You are viewing a plain text version of this content. The canonical link for it is here.
Posted to common-user@hadoop.apache.org by Reik Schatz <re...@bwin.org> on 2010/03/10 13:11:46 UTC

using StreamInputFormat, StreamXmlRecordReader with your custom Jobs

Hi, I am playing around with version 0.20.2 of Hadoop. I have written 
and packaged a Job using a custom Mapper and Reducer. The input format 
in my Job is set to StreamInputFormat. Also setting property 
stream.recordreader.class to 
org.apache.hadoop.streaming.StreamXmlRecordReader.
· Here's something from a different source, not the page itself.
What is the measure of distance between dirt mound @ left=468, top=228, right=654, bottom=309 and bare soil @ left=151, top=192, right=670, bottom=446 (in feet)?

This is how I want to start my job:
hadoop jar custom-1.0-SNAPSHOT.jar EmailCountingJob /input /output

The problem is that in this case all classes from 
hadoop-0.20.2-streaming.jar are missing (ClassNotFoundException). I 
tried using -libjars without luck.
hadoop jar -libjars PATH/hadoop-0.20.2-streaming.jar 
custom-1.0-SNAPSHOT.jar EmailCountingJob /input /output

Any chance to use streaming classes with your own Jobs without copying 
these classes to your projects and packaging them into your own jar?


/Reik

Re: using StreamInputFormat, StreamXmlRecordReader with your custom Jobs

Posted by Reik Schatz <re...@bwin.org>.
Uh, do I have to copy the jar file manually into HDFS before I invoke 
the hadoop jar command starting my own job?



Utkarsh Agarwal wrote:

> I think you can use DistributedCache to specify the location of the jar
> after you have it in hdfs..
>
> On Wed, Mar 10, 2010 at 6:11 AM, Reik Schatz <re...@bwin.org> wrote:
>
>   
>> Hi, I am playing around with version 0.20.2 of Hadoop. I have written and
>> packaged a Job using a custom Mapper and Reducer. The input format in my Job
>> is set to StreamInputFormat. Also setting property stream.recordreader.class
>> to org.apache.hadoop.streaming.StreamXmlRecordReader.
>>
>> This is how I want to start my job:
>> hadoop jar custom-1.0-SNAPSHOT.jar EmailCountingJob /input /output
>>
>> The problem is that in this case all classes from
>> hadoop-0.20.2-streaming.jar are missing (ClassNotFoundException). I tried
>> using -libjars without luck.
>> hadoop jar -libjars PATH/hadoop-0.20.2-streaming.jar
>> custom-1.0-SNAPSHOT.jar EmailCountingJob /input /output
>>
>> Any chance to use streaming classes with your own Jobs without copying
>> these classes to your projects and packaging them into your own jar?
>>
>>
>> /Reik
>>
>>     

Re: using StreamInputFormat, StreamXmlRecordReader with your custom Jobs

Posted by Utkarsh Agarwal <un...@gmail.com>.
I think you can use DistributedCache to specify the location of the jar
after you have it in hdfs..

On Wed, Mar 10, 2010 at 6:11 AM, Reik Schatz <re...@bwin.org> wrote:

> Hi, I am playing around with version 0.20.2 of Hadoop. I have written and
> packaged a Job using a custom Mapper and Reducer. The input format in my Job
> is set to StreamInputFormat. Also setting property stream.recordreader.class
> to org.apache.hadoop.streaming.StreamXmlRecordReader.
>
> This is how I want to start my job:
> hadoop jar custom-1.0-SNAPSHOT.jar EmailCountingJob /input /output
>
> The problem is that in this case all classes from
> hadoop-0.20.2-streaming.jar are missing (ClassNotFoundException). I tried
> using -libjars without luck.
> hadoop jar -libjars PATH/hadoop-0.20.2-streaming.jar
> custom-1.0-SNAPSHOT.jar EmailCountingJob /input /output
>
> Any chance to use streaming classes with your own Jobs without copying
> these classes to your projects and packaging them into your own jar?
>
>
> /Reik
>